Do you use these phrases? Do you ever go to do something challenging and feel an internal conflict, as if part of you believes you can and part of you is convinced that you can’t? Does it hold you back from doing things you would really, really love to do?

This is completely normal (or at least usual). We all feel it sometimes. Just yesterday I looked at several opportunities that could help me grow my business and thought, “Nah, I can’t do that.”

Here’s why we think that way.

Our inner Clydesdale still thinks we’re little

Clydesdale 'Bob'
Creative Commons License photo credit: jemsweb
Here’s how you train a Clydesdale. Clydesdales are enormous horses, far stronger than even the strongest man. But if you pick them up a lot when they’re little, you train them to believe that you are stronger than they are, and they keep believing it deep in their placid horse brains – even when it’s no longer true.

We spend most of our first few years of life – up to the early school years – pretty much believing whatever we’re told. We don’t have a lot of ability, at that age, to interpret or analyse the world. We don’t have the knowledge, and we don’t have the skills. So we rely on what other people, especially our parents, tell us is true.

Unfortunately, even the best parents will occasionally (and the worst parents will constantly) tell us that we’re not good enough or we can’t do things. And, in fact, there are a lot of things that a child can’t do.

But, just like the Clydesdales, we retain a vague impression that we can’t do things into adulthood.

Stacking up the evidence

Booklets in negative
Creative Commons License photo credit: tanakawho
One of the key ways that our minds group things is by emotion. If you’re depressed, for example, you’re more likely to remember sad events, while if you’re happy, you’re more likely to remember happy events. Psychologists call this “state-specific memory”.
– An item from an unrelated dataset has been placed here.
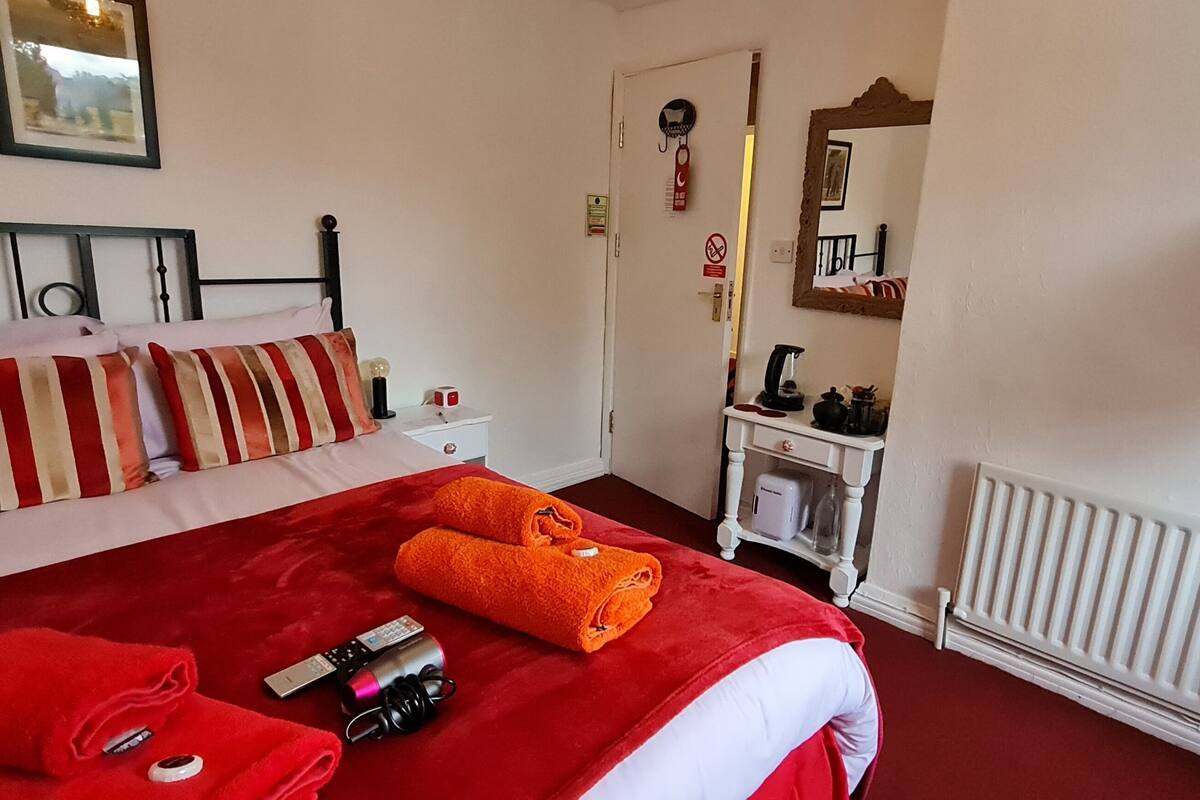 Iron/ironing board, free WiFi, individually decorated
Because you will always, inevitably, have a stack of experiences around the theme “Can’t do this”, every time you find something you can’t do, you add it to that stack.

Every time you succeed, every time you can do something, that memory goes into a different stack, because it’s connected with a different emotion. The stacks build up in parallel, never communicating, because there is no bridge between them.

And when the situation arises that poses the question “Can I do this?”, both answers are there. You’re in two minds. On the one hand, you have all kinds of experiences saying you can’t do things. On the other hand, you have all kinds of experiences saying that you can. Whichever one shouts louder – whichever stack is higher, or whichever one can find more similarities with the current situation and the ones it has stored – will tend to win out.

Collapsing the stacks

I said a moment ago that these stacks don’t naturally connect, because they don’t share an emotion (even though they come up out of your deep mind into your consciousness at the same time, hooked by the same situation).

What your consciousness can do, though, is deliberately create a connection. Neuro-linguistic programming talks about this as “collapsing the anchors”. I’m going to say “collapsing the stacks”, to keep the same image going. You could imagine that the two stacks are piles of evidence, documents and photographs, stacked up on one side or the other of the case. Your consciousness is the judge. It’s going to bring all the evidence together into one coherent view of reality.

Here’s today’s simple 7-step exercise.

1. Hold out your hands in front of you, palms pointing up.

2. Let all the thoughts and feelings about “I can’t do it” flow from your head down your arm and stack up on one hand. Sit with that until you’ve got the stack, all those photos and documents, all those memories, sitting there on your hand.

3. Now on the other hand stack up all the evidence that you can do things. Think of all your successes, all your growth points, all the times you did things well. Let those photos and documents stack up on that other hand.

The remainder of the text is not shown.